Global affairs analyst, Austin Aigbe, has expressed his concern over the growing outburst of coups on the West African subregion, following the recent coup staged in Niger.
According to him, democracy is gradually deteriorating due to the breakdown of governance. He revealed that it is also a worrying scene that people are taking a direction and supporting some form of militarization in their countries.
“The West African region is gradually snowballing into a military situation and military taking over. This is the fourth and there’s a likelihood that there may be more because of the democratic challenges. Democracy is not now able to deliver the democratic dividends to the people.
“When you see military taking over and there’s excitement from citizens, it sends a very strong and wrong perception – look at what happened in Mali, Burkina Faso, Gambia and Guinea and now the same thing has happened in Niger, where people will troop out in the streets and literally sing songs of the military junta…”Austin Aigbe
Mr Aigbe stated that the Nigerien citizens seemingly are excited about the military takeover of the country, due to their thronging of a stadium cheering the junta on. He noted that he hears people genuinely saying they were tired of the democratic system and getting excited because they just wanted the President to exit.

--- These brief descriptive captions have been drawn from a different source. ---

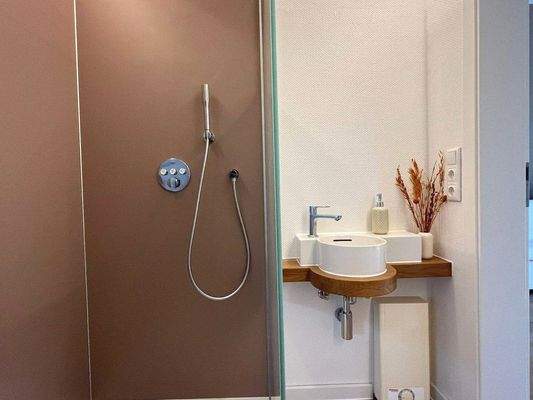 Duschbad im Dachgeschoss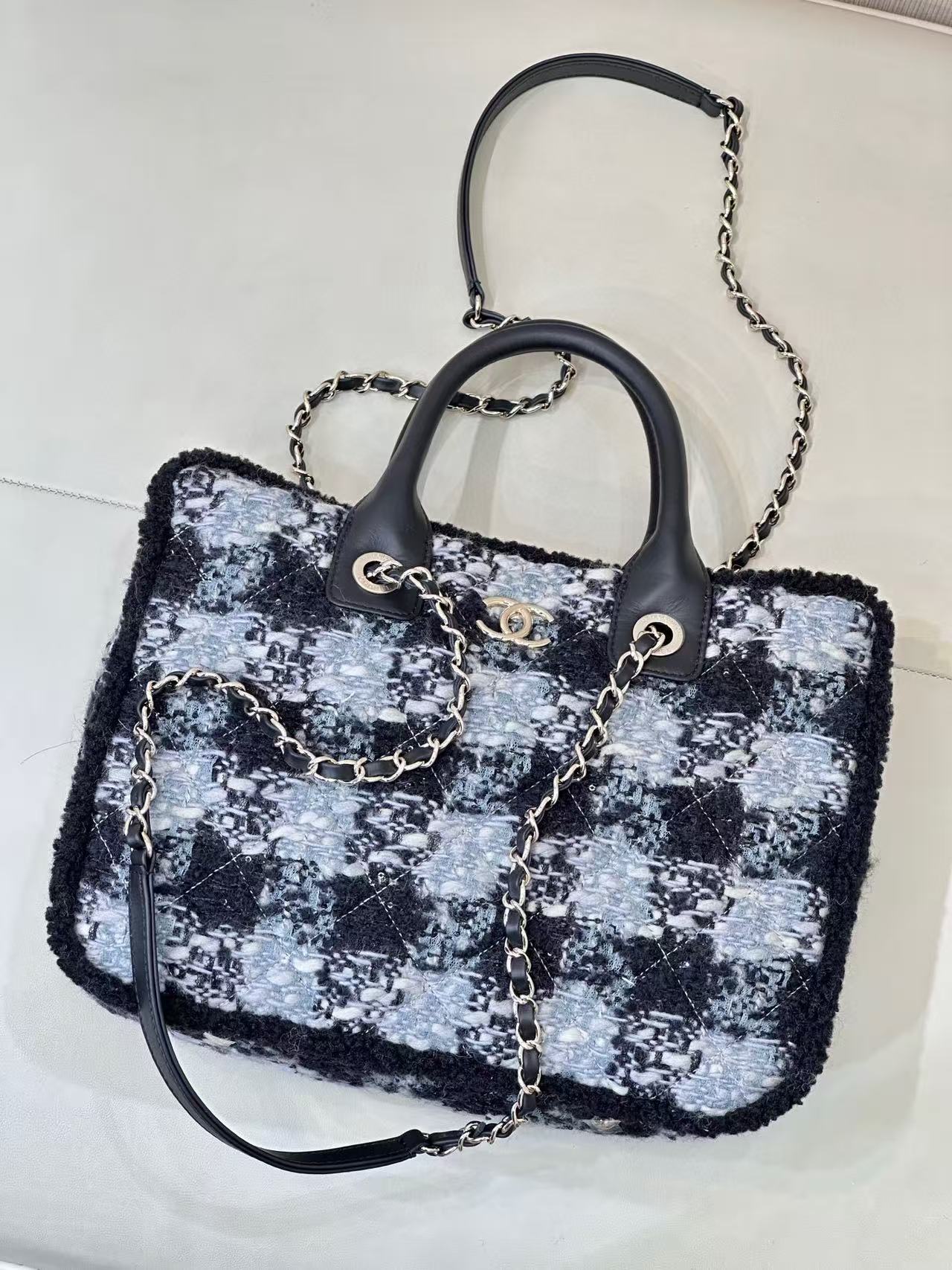 Chanel Tote Bag Black L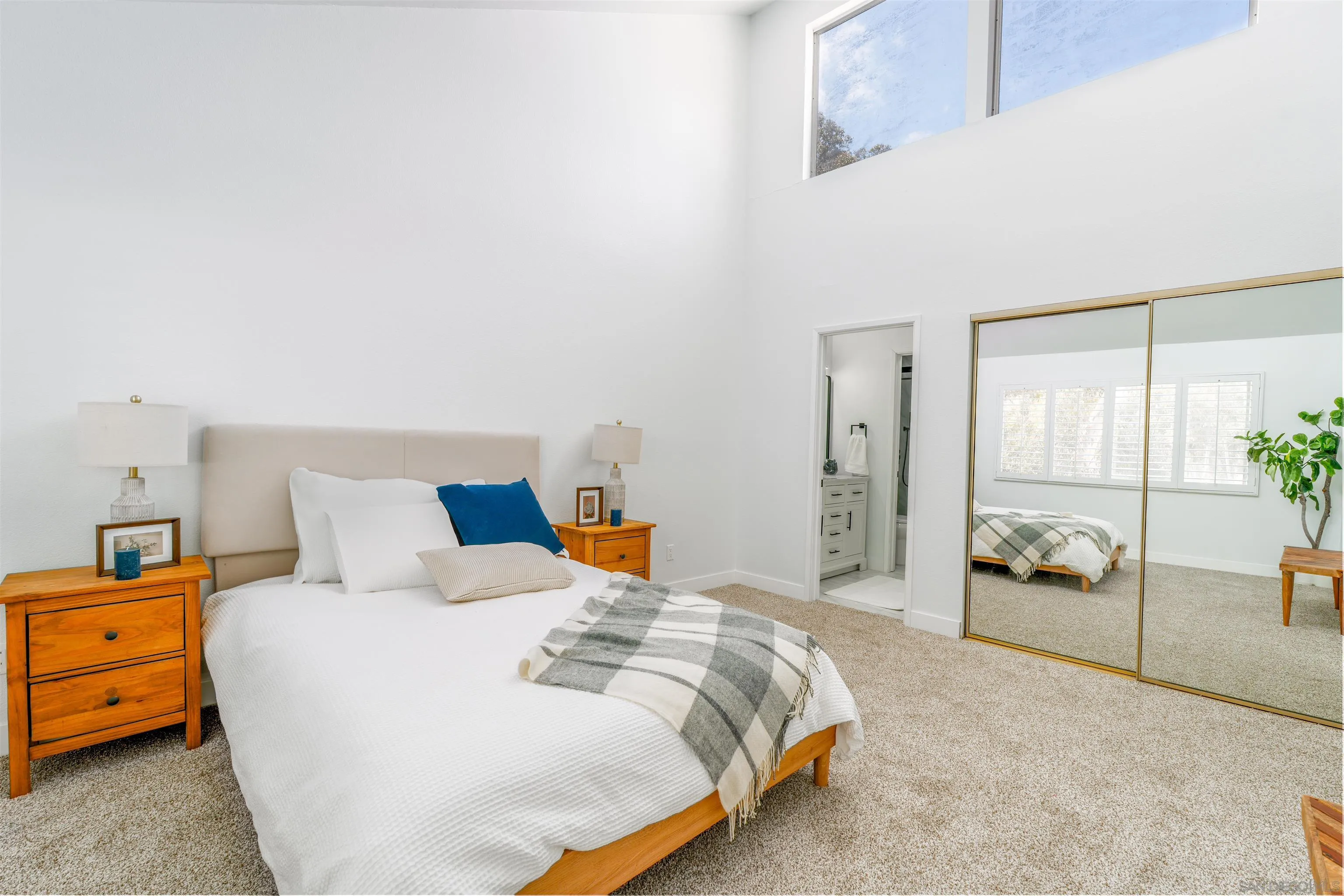 https://cdn.realtyfeed.com/cdn/127/250025487/36477e43c7c637c648184ee5dd26ad1e.webp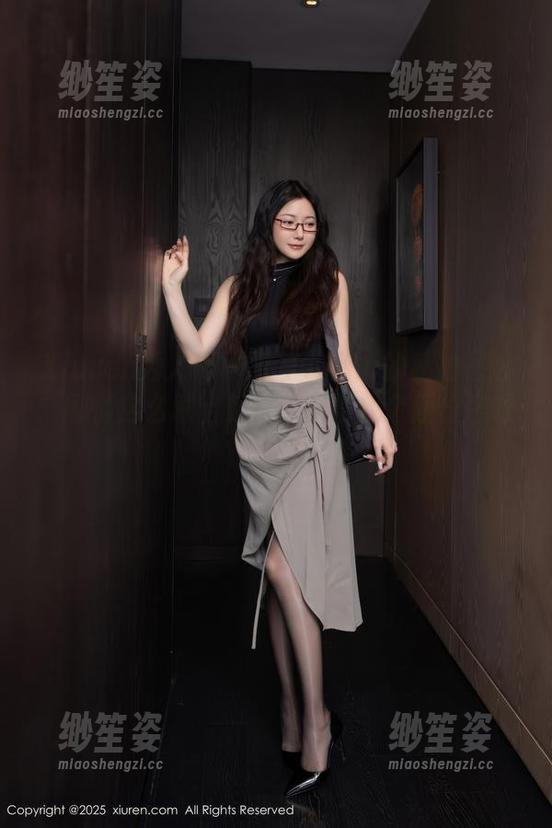 Xiuren秀人网-双笙Alina Xiuren秀人网 - 双笙Alina的私拍图包:剧情这么跌宕起伏,我得找个座位擦眼泪了!
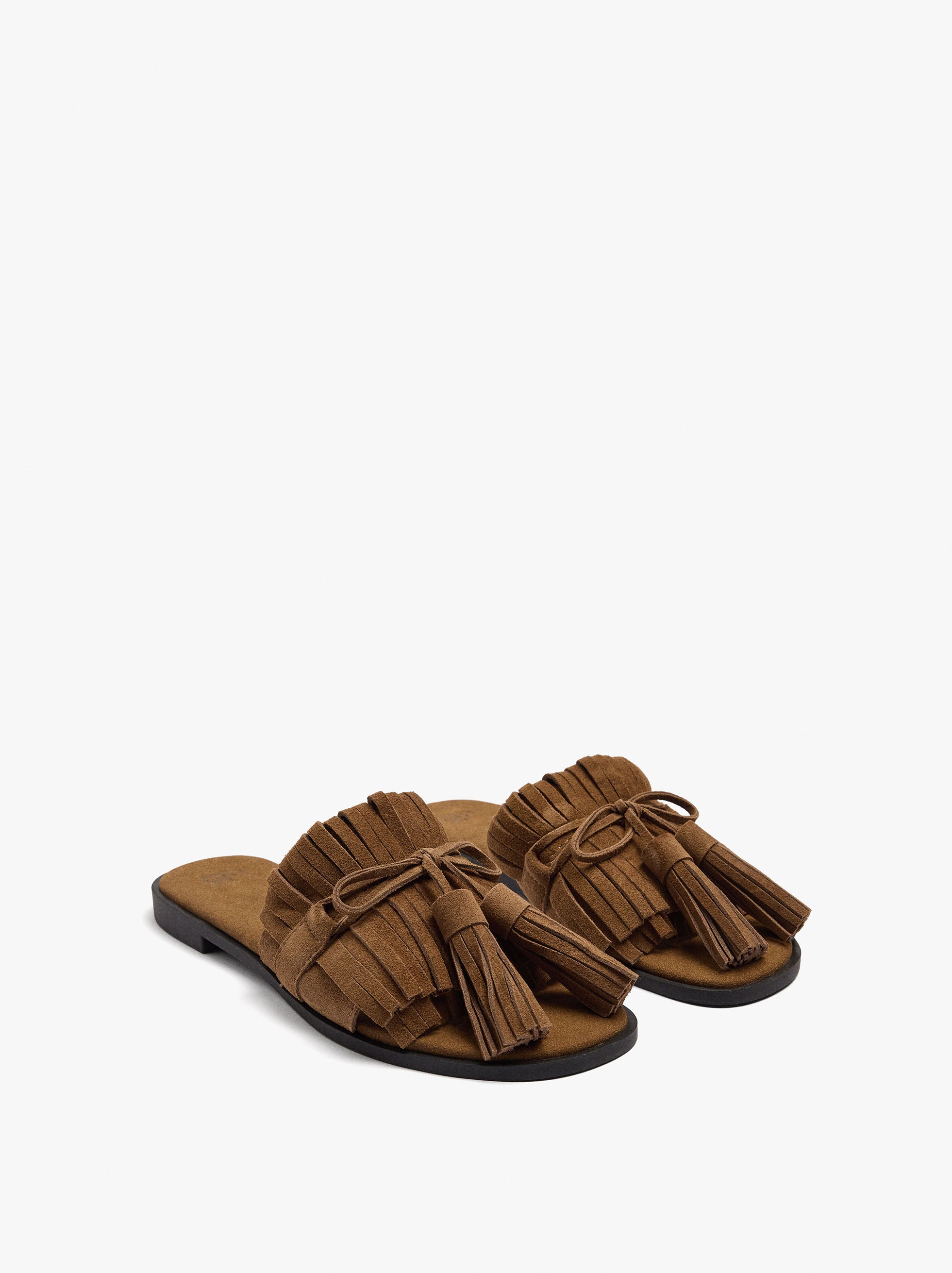 Sandalias Planas De Piel Con Flecos Y Borlas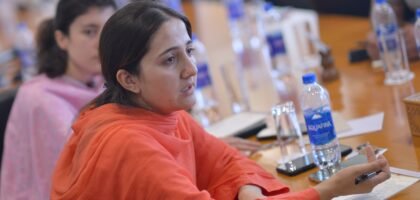 Zahra Nooreen - struggles to convincing society
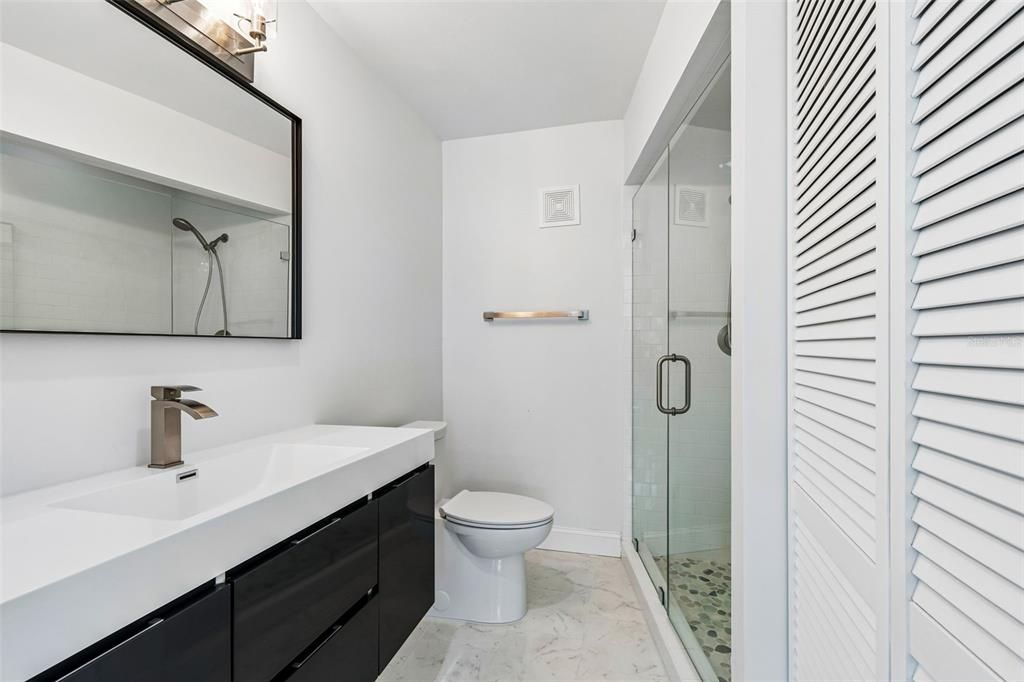 En Venta: $229,900 (2 camas, 2 baños, 1135 Pies cuadrados)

“They didn’t have the means to sack the President, but they are excited about those who had the guts to sack the President. Talking about impoverishment and all of that in Niger, Mali is also worst-case scenario, Burkina Faso is poor. In the last three years, we’ve had this regime ongoing, what Niger has learnt is just to take a clue from there. Look at what happened in Guinea – on the day the military took over, there was excitement on the street.
“People thought they were going to head towards an El dorado, a state where there’ll be no more poverty… But months and years have gone by and there’s no revolt, the people are just angry but angry within. Until a change of government happens in Guinea, you will not see it from the voices and faces of the people…”Austin Aigbe
Concerns over ECOWAS’ position on Niger coup
On his part, ranking member of parliament’s defense and interior committee, James Agalga, exposed the gravity of the coup, insisting that there is a very “serious problem” with the processes that led to ECOWAS coming out with its ultimatum to the military regime in Niger.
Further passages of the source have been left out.